* Data excerpts

════════

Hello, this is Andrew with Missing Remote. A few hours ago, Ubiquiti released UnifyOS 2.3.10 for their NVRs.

════════

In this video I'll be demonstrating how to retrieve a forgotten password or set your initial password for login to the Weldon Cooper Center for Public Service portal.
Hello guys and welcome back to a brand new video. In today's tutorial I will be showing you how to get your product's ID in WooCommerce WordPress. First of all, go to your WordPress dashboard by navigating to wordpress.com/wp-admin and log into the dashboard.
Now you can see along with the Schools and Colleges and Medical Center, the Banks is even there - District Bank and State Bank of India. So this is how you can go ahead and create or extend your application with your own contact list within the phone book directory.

════════

Would you return all lines from the preceding listing that contain the word "with"?

* Solved problem
Hello, this is Andrew with Missing Remote. A few hours ago, Ubiquiti released UnifyOS 2.3.10 for their NVRs.
Now you can see along with the Schools and Colleges and Medical Center, the Banks is even there - District Bank and State Bank of India. So this is how you can go ahead and create or extend your application with your own contact list within the phone book directory.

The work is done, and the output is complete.